The next query will show us the number of image pushes per day (Figure 6).
index="quay" sourcetype="quay_logs" kind="push_repo"
| timechart span=1d count AS "Number of Pushes"
Combining pushes and pulls
This query creates a report that shows the last time each unique image tag was either pushed or pulled to your Quay repository and who performed the action (Figure 7).
index="quay" sourcetype="quay_logs" (kind="push_repo" OR kind="pull_repo")
| stats
count(eval(kind="push_repo")) as "Total Pushes",
max(eval(if(kind="push_repo", _time, null()))) as last_push_epoch,
values(eval(if(kind="push_repo", performer, null()))) as "Push Performers",
count(eval(if(kind="pull_repo", _time, null()))) as "Total Pulls",
max(eval(if(kind="pull_repo", _time, null()))) as last_pull_epoch,
values(eval(if(kind="pull_repo", performer, null()))) as "Pull Performers"
by metadata_json.namespace, metadata_json.repo
| eval "Last Push" = strftime(last_push_epoch, "%Y-%m-%d %H:%M:%S")
| eval "Last Pull" = strftime(last_pull_epoch, "%Y-%m-%d %H:%M:%S")
| rename metadata_json.namespace AS namespace, metadata_json.repo AS repository
| table namespace, repository, "Total Pushes", "Push Performers", "Last Push", "Total Pulls", "Pull Performers", "Last Pull"
| sort -namespace, -"Total Pushes"
Tying it all together
These individual Splunk queries are the essential building blocks to gain visibility into your Red Hat Quay registry.
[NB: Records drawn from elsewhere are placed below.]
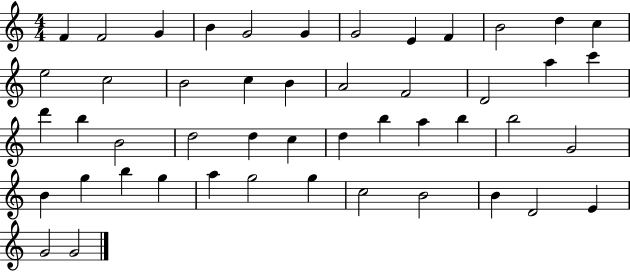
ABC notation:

X:1
T:Untitled
M:4/4
L:1/4
K:C
F F2 G B G2 G G2 E F B2 d c e2 c2 B2 c B A2 F2 D2 a c' d' b B2 d2 d c d b a b b2 G2 B g b g a g2 g c2 B2 B D2 E G2 G2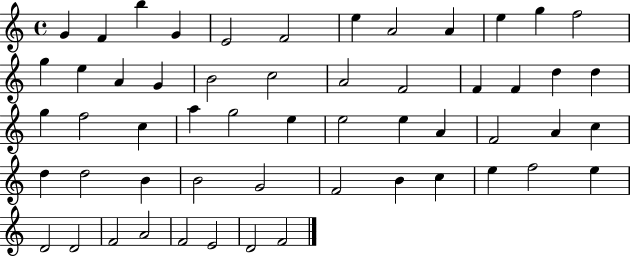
G4/q F4/q B5/q G4/q E4/h F4/h E5/q A4/h A4/q E5/q G5/q F5/h G5/q E5/q A4/q G4/q B4/h C5/h A4/h F4/h F4/q F4/q D5/q D5/q G5/q F5/h C5/q A5/q G5/h E5/q E5/h E5/q A4/q F4/h A4/q C5/q D5/q D5/h B4/q B4/h G4/h F4/h B4/q C5/q E5/q F5/h E5/q D4/h D4/h F4/h A4/h F4/h E4/h D4/h F4/h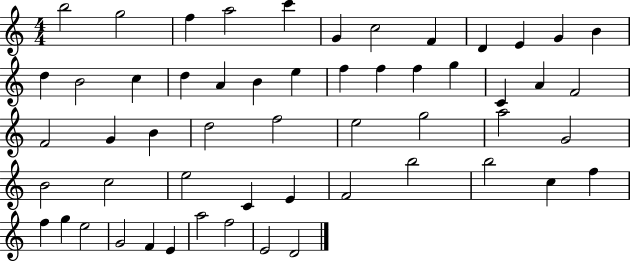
B5/h G5/h F5/q A5/h C6/q G4/q C5/h F4/q D4/q E4/q G4/q B4/q D5/q B4/h C5/q D5/q A4/q B4/q E5/q F5/q F5/q F5/q G5/q C4/q A4/q F4/h F4/h G4/q B4/q D5/h F5/h E5/h G5/h A5/h G4/h B4/h C5/h E5/h C4/q E4/q F4/h B5/h B5/h C5/q F5/q F5/q G5/q E5/h G4/h F4/q E4/q A5/h F5/h E4/h D4/h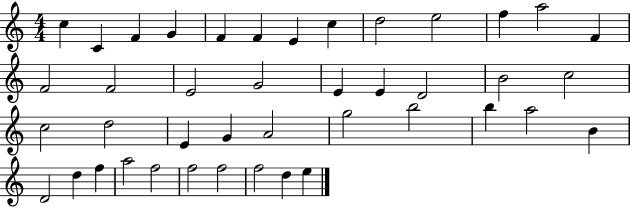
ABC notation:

X:1
T:Untitled
M:4/4
L:1/4
K:C
c C F G F F E c d2 e2 f a2 F F2 F2 E2 G2 E E D2 B2 c2 c2 d2 E G A2 g2 b2 b a2 B D2 d f a2 f2 f2 f2 f2 d e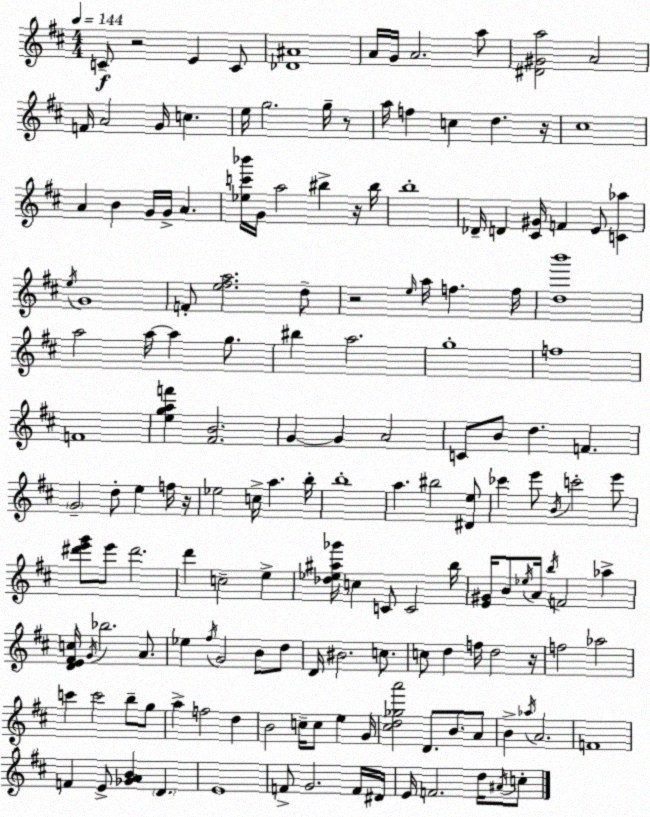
X:1
T:Untitled
M:4/4
L:1/4
K:D
C/2 z2 E C/2 [_D^A]4 A/4 G/4 A2 a/2 [^D^Ga]2 A2 F/4 A2 G/4 c e/4 g2 g/4 z/2 a/4 f c d z/4 ^c4 A B G/4 G/4 A [_ec'_b']/4 G/4 a2 ^b z/4 ^b/4 b4 _D/4 D [^C^G]/4 F E/2 [C_a] e/4 G4 F/2 [e^fa]2 d/2 z2 e/4 a/4 f f/4 [db']4 a2 a/4 a g/2 ^b a2 g4 f4 F4 [egaf'] [^FB]2 G G A2 C/2 B/2 d F G2 d/2 e f/4 z/4 _e2 c/4 a b/4 b4 a ^b2 [^De]/2 _c' e'/2 B/4 c'2 e'/2 [^d'e'g']/2 e'/2 ^d'2 d' c2 e [_d_e^a_g']/4 c C/2 C2 b/4 [E^G]/4 B/2 _e/4 A/4 b/4 F2 _a [DE^Fc]/4 G/4 _b2 A/2 _e ^f/4 G2 B/2 d/2 D/4 ^B2 c/2 c/2 d f/4 d2 z/4 f2 _a2 c' c'2 b/2 g/2 a f2 d B2 c/4 c/2 e G/4 [^cd_ga']2 D/2 B/2 A/2 B _a/4 A2 F4 F E/2 [_GAB] D E4 F/2 G2 F/4 ^D/4 E/4 F2 d/4 ^A/4 c/2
However, to effectively monitor your registry, you should combine these into a single, comprehensive dashboard. This gives you a powerful way to track all the critical activity in your Red Hat Quay registry. Most importantly, it allows you to historically track your registry without the 30-day log limit in the Quay UI, giving you the long-term visibility you need for effective security and auditing to understand how your registry is truly being used.
You can find a sample of the classic Splunk dashboard in Figure 8 on GitHub. However, you will need to modify this to use your index and sourcetypes.
Wrap up
This article provided a step-by-step guide on how to forward Red Hat Quay container registry access logs to Splunk to achieve long-term visibility. By configuring the Red Hat Quay operator in OpenShift with a Splunk HEC token and modifying the config.yaml, users can ensure continuous data flow for auditing and security.
We also demonstrated various Splunk queries to track critical activity such as repository and organization creation/deletion and image pulls and pushes, ultimately recommending the consolidation of these queries into a single dashboard for comprehensive, historical monitoring of the Red Hat Quay registry.